Bryan Kohberger told a fellow student that he had researched his ancestry by submitting DNA for genetic testing — which could shed light on how investigators used forensic genealogy to track down the accused quadruple killer.
The Washington State University doctoral student, who is charged with murder in the gruesome deaths of four University of Idaho students, said in August that he had taken a DNA test on a classmate who lived in the same on-campus housing complex, the statesman of Idaho reported.
Kohberger, who was a student in the university’s criminology department, asked if the neighbor could identify his ancestral background, which the man suspected was Italy, the student told the newspaper.
But Kohberger replied that he was actually of German descent.
“He talked about his ancestors. He had some sort of DNA test. I don’t know how he got this far. … It was just interesting to him,” the neighbor told the Statesman.

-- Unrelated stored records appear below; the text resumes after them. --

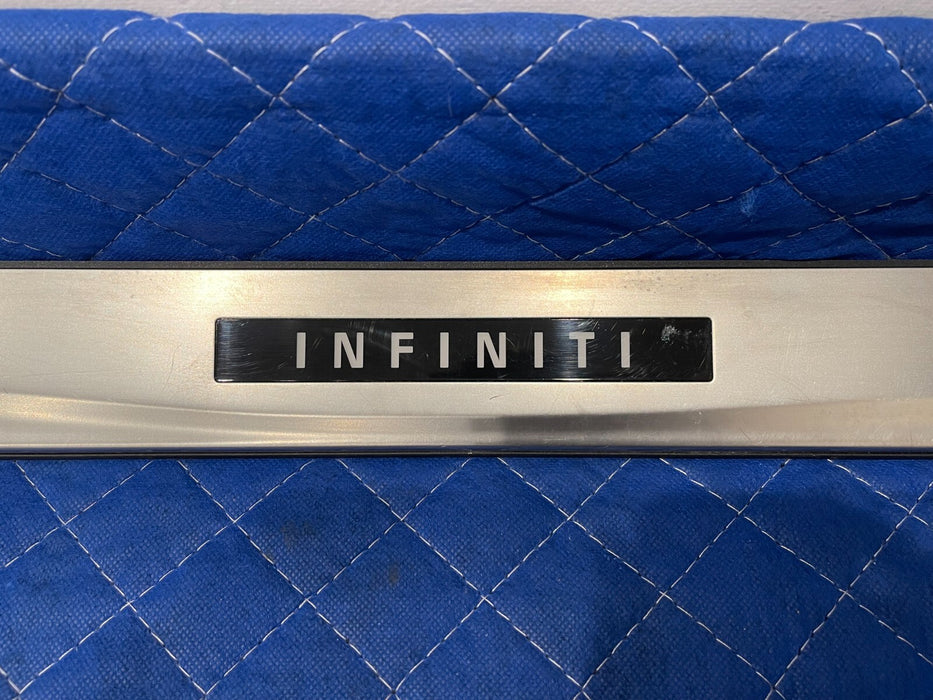 2017 INFINITI Q50 RED SPORT FRONT LEFT RIGHT ILLUMINATED KICK PLATES OEM *SCUFFS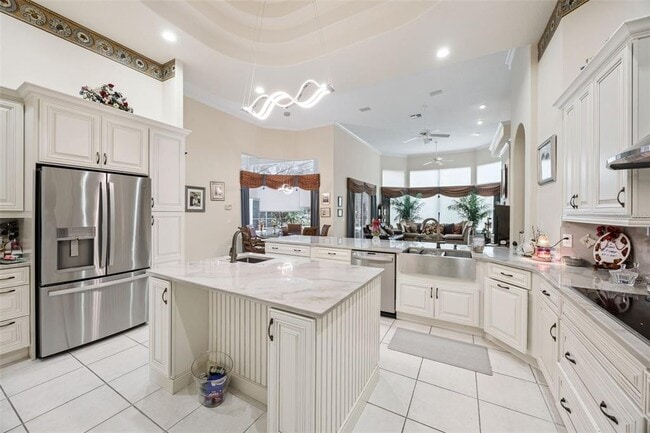 Building Photo - 8742 Southern Breeze Dr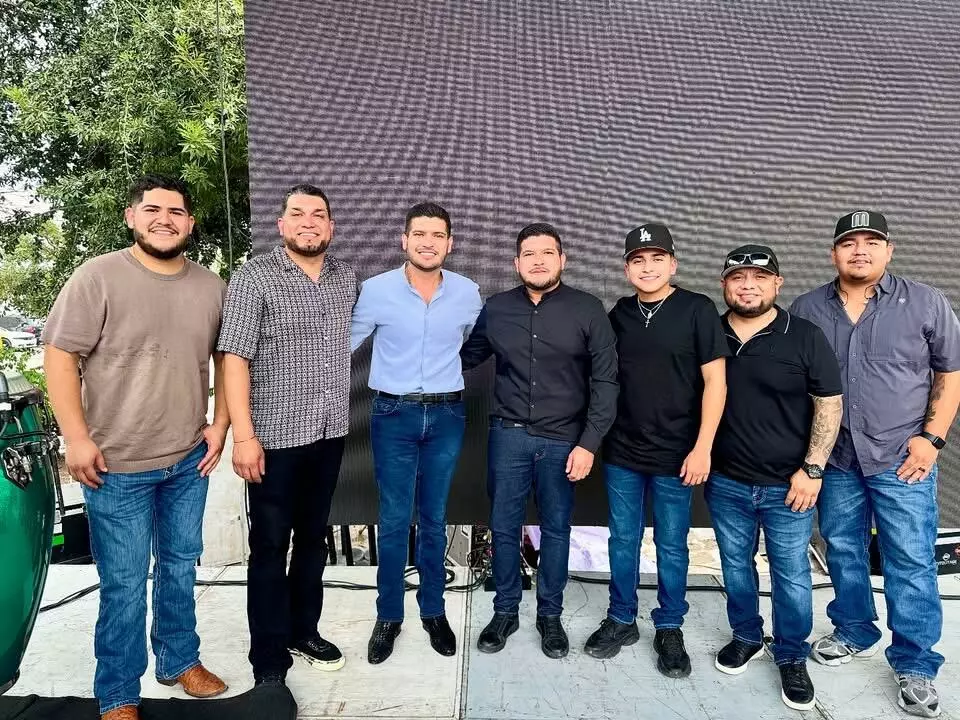 El alcalde Beto Granados invita a disfrutar de una gran noche mexicana con Grupo Secretto en Matamoros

The paper noted that the detail could shed new light on reports that authorities used DNA evidence to identify Kohberger as a suspect in the brutal November 13 murders in nearby Moscow, Idaho.
A surveillance team that followed Kohberger to Pennsylvania apparently extracted DNA from the crime scene, ran it through a public database and used genetic genealogy techniques to link the sample to the student through his relatives, CNN reports.
“What most likely happened is that the crime scene was a mess and DNA evidence was left everywhere,” Pete Yachmetz, a security consultant and former FBI agent, recently told The Post. “So what they did was get all the DNA evidence they could find and analyze it.”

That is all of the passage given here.